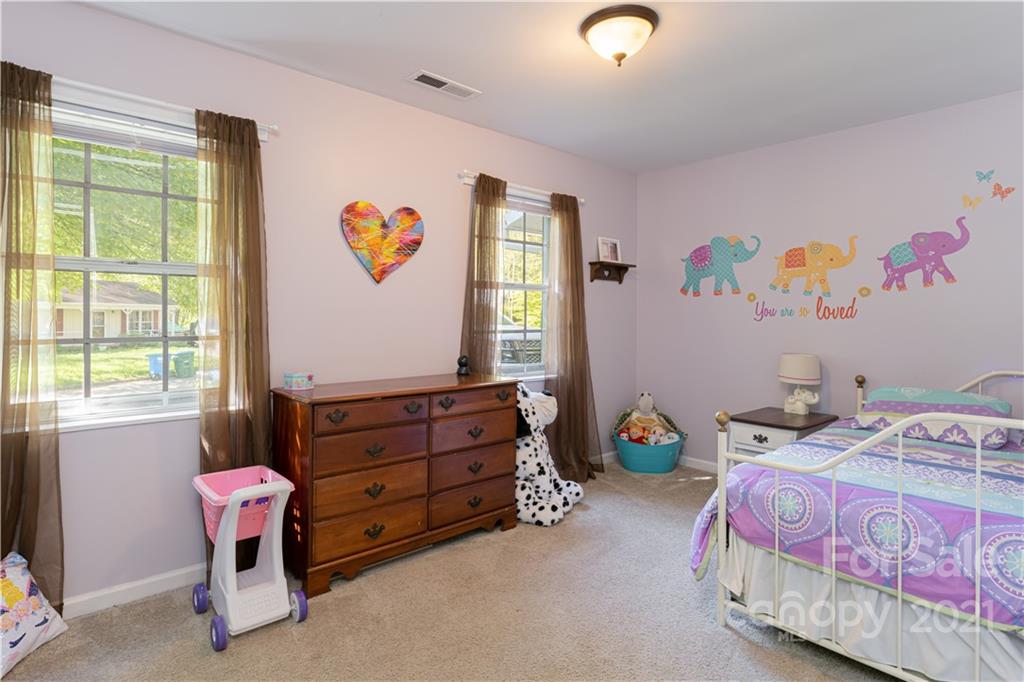 100 Wicklow Drive Asheville NC 28806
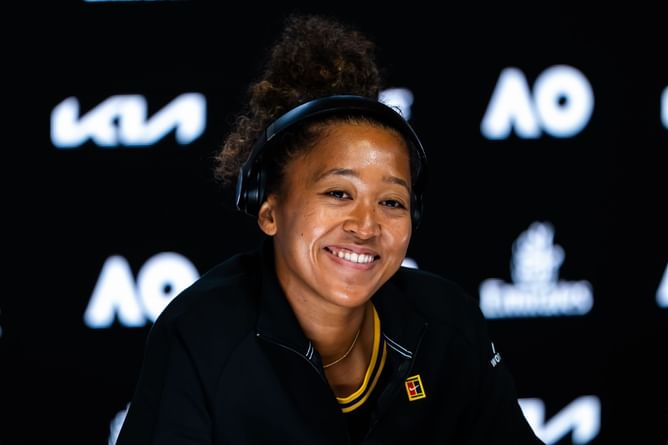 Naomi Osaka asks Patrick Mouratoglou and team for review after flaunting new custom Nike shoes during practice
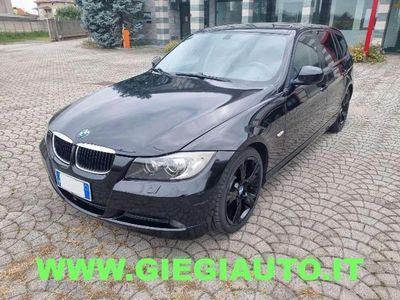 Nero metallizzato Usata 2009 BMW 318 Station wagon | 5500 € (Buon prezzo)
***
- BRIEF: Go through the material above and retype every line exactly, without the images.

- YOUR SOLUTION:
 100 Wicklow Drive Asheville NC 28806
 Naomi Osaka asks Patrick Mouratoglou and team for review after flaunting new custom Nike shoes during practice
 Nero metallizzato Usata 2009 BMW 318 Station wagon | 5500 € (Buon prezzo)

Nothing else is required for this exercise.